Queer Power Electronics. This is not the kind of word order that one would generally expect for power electronics, but that did not stop Thomas Boettner from making it happen. First off, there is an essay by Isaac Tyler in the liner notes that really frames the whole thing. It is worth reading, unlike some liner notes. I was immediately reminded of Bob Ostertag's collaboration with Kronos Quartet entitled “All The Rage.” Indeed, one could consider each album to be fellow travelers, but while Ostertag and Kronos Quartet would be traveling in first class on an airplane, Straight Panic is driving on back roads at 100 miles per hour in a 1992 Astro van, stopping at dive bars along the way. This is angrier, grittier, and lo-fi as hell, with seemingly no desire to make this palatable to the masses. This was my introduction to this artist, so let’s get into it. Since this collects the first four cassettes by Straight Panic, I’ll break up the review by tape.
“Manifesto” opens it up with a movie sample about homophobic violence toward a man and then gun blasts. The music itself features garbled vocals and interesting noise compositions. The overall feel is reminiscent of Slogun, but more in emotion than execution. “Propaganda” features a woman speaking, buried under a wall of static and whining noise. It is hard to get a sense of what it is, but it sounds vaguely religious. This track was not quite as powerful or unhinged as other track, but still interesting.
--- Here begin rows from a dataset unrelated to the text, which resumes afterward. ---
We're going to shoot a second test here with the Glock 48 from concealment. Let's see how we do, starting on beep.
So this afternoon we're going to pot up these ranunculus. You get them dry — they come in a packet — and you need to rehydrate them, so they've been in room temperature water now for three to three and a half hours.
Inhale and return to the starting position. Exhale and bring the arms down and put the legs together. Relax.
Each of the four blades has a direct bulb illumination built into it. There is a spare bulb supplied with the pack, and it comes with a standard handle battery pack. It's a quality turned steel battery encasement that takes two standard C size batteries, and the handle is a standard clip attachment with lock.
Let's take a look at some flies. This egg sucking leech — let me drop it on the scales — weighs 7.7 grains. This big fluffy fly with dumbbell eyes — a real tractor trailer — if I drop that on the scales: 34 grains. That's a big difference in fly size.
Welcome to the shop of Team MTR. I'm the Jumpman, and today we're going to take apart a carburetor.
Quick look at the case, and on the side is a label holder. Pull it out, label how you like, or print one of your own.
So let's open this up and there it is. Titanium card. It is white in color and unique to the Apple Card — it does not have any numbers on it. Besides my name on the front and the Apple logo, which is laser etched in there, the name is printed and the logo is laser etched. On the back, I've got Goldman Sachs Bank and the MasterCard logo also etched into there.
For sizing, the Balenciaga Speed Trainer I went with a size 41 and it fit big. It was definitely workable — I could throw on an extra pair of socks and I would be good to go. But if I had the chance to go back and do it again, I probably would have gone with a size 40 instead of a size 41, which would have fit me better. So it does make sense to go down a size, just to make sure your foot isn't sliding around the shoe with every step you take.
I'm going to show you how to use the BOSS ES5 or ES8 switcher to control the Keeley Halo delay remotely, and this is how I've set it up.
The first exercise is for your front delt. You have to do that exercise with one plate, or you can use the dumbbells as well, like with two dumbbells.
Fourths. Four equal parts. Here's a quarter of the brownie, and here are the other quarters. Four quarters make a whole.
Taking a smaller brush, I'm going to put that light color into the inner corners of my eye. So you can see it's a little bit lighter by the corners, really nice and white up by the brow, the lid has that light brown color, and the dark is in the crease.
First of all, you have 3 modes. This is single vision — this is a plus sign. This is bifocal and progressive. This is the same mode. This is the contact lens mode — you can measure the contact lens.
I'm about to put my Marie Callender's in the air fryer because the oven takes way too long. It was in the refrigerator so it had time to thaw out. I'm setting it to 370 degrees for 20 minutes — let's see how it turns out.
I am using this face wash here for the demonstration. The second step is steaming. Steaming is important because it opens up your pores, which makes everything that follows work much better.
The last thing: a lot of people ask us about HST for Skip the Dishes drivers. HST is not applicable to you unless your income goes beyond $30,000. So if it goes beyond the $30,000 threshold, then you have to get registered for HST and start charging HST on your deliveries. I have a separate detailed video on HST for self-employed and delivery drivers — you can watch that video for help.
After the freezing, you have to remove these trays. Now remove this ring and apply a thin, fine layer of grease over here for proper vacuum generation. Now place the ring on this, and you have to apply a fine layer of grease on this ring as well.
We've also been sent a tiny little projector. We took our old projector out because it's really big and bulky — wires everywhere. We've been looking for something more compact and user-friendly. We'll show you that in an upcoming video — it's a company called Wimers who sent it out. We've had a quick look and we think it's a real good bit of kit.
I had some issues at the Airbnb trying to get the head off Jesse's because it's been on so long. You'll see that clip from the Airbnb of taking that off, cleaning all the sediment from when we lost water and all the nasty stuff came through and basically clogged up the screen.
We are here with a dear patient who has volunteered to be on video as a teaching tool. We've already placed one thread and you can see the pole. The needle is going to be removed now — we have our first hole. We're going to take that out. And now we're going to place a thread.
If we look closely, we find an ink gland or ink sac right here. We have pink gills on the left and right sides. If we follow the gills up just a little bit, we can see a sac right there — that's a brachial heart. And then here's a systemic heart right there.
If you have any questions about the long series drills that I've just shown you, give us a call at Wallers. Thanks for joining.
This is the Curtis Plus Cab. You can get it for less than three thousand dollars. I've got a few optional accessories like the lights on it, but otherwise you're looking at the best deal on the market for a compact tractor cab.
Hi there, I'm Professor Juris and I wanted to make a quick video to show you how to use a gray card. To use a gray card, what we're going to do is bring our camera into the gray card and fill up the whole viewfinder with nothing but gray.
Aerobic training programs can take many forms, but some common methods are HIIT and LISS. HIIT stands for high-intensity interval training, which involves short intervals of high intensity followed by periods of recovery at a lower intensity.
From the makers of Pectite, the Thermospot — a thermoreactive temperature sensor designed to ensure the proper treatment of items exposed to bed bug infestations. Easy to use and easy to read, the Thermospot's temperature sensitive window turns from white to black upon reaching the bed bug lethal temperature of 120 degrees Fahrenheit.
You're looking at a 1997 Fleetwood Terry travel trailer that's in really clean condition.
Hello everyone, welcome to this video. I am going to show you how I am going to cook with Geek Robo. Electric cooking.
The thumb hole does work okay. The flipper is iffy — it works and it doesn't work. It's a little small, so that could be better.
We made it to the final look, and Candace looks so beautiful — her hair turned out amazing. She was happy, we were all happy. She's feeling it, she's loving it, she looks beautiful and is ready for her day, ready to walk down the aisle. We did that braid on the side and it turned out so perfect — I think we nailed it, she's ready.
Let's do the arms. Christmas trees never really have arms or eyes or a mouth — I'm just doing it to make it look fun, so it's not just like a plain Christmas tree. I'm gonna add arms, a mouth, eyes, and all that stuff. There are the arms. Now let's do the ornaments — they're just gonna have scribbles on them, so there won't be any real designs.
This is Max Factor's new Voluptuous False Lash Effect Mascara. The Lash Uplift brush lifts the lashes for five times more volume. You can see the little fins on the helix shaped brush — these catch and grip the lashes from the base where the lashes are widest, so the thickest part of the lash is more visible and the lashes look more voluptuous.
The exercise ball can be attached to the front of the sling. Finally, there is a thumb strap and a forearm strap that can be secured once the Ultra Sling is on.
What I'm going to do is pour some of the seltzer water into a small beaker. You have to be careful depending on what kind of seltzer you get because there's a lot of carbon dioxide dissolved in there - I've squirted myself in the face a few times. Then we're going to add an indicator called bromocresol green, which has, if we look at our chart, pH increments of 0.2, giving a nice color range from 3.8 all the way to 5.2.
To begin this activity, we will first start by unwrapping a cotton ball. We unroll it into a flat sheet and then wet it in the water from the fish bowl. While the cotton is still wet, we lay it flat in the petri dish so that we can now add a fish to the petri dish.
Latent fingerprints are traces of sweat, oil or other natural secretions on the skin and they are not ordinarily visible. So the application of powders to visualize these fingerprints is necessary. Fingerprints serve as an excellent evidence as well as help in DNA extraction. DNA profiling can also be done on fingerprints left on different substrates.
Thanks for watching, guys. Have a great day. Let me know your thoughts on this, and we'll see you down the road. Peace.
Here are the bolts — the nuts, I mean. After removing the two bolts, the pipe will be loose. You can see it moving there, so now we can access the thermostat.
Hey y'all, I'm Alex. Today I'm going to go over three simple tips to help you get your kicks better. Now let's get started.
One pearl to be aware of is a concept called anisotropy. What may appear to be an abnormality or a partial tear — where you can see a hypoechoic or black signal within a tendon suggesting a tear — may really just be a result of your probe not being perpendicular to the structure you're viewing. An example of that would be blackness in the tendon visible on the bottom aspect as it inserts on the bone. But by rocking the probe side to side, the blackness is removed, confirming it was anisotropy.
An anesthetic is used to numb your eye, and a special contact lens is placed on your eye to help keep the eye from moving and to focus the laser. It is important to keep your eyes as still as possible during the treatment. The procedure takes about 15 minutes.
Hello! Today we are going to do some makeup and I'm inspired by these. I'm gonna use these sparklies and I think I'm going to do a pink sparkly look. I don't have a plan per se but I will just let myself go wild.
“Rough Trade” brings us another sample at the beginning with a lot of really high-pitched and more of that Slogun / Genocide Organ feel with distorted vocals. “Trick” begins with a sample that states, "life on earth is evil." This track features analog / shortwave squalls over a pummeling noise wall. This is relentless and a nice ride.
“Cruise” opens with another homophobic sample and some droney noise. This was not as crunchy and jagged as the previous tracks and sounded almost like someone messing around with analog synth filters. It’s definitely on the experimental side, but not really my cup of tea until it dramatically changed directions during the last 20 seconds. “Vice Squad” is a short track that opens with another sample about "lifestyles." This is incredibly harsh noise with more high pitched squeals and unhinged vocals. Short, but intense, and a definite counterpoint to the previous track.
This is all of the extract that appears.